Du fait de sa spécificité, le piobaireachd semble devenir un moyen privilégié pour les Highlanders de revenir aux sources mêmes de leur culture et de leur identité. La notion de retour associée à cette musique ne résulte pas, pour ces hommes et ces femmes, en une pure nostalgie. Plus qu’une simple évocation des temps passés, glorieux ou non, ce répertoire en permet une réappropriation et contribue à construire le présent. Gunn exprime très clairement la façon dont est ressentie cette rencontre de ce qui a été avec ce qui est :
La musique y a bien sûr joué un rôle important. Elle donnait de la vie et de la couleur, introduisant une notion du passé et de ses traditions dans les manières de faire désormais les choses, en faisant en sorte que des occupations qui étaient autrement assez simples aient une dignité à part entière, reposant comme de droit sur un héritage magnifique. Pour un homme fatigué, vivant en plein air avec des animaux, pouvoir s'arrêter dans cette partie du monde et entendre le piobaireachd dont il a entendu son grand-père parler ou qu’il a entendu celui-ci chanter, entendre à nouveau un air qui remonte à la grande époque des MacCrimmon, entendre à nouveau la complexité et la profondeur de cette musique qui a traversé les siècles tout en étant pertinente pour lui aujourd'hui... Cela a donné une structure à ce monde, mais aussi de la douceur...19
Cette musique réunit les hommes, pas uniquement à la manière des gatherings qui lui sont propres, et leur fait percevoir à quel point leur passé et leur présent sont intimement liés. Plus que jamais, au risque de céder à un lieu commun, on pourrait dire qu’elle semble refléter l’âme d’un peuple tout entier. Plus que jamais, la célèbre citation de Voltaire qui dit que « ce qui touche le cœur se grave dans la mémoire »20 paraît se vérifier.

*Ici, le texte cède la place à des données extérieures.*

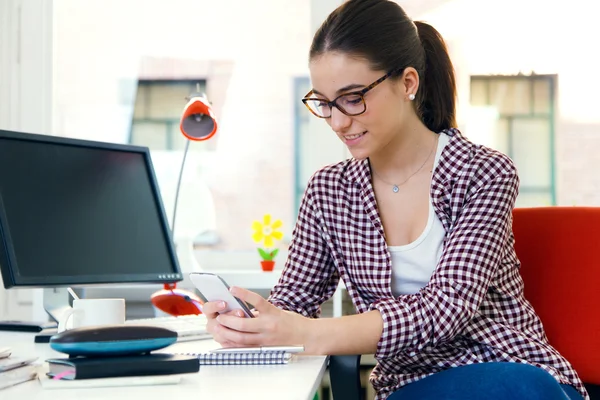 Schöne junge Frau mit ihrem Handy im Büro. — Stockfoto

De même qu’à la cornemuse les notes qui composent la mélodie entretiennent un rapport constant et spécifique à chacune d’entre elles avec les basses produites par les bourdons, la vie des Highlanders, telle que la représentent Munro et Gunn, conserve une relation permanente avec celle de leurs ancêtres. La musique, plus qu’aucune autre expression artistique, devient le lien, presque sacré, qui soude un peuple à travers le temps. La parole écrite rend ici hommage à un discours non verbal et, théoriquement du moins, de nature orale.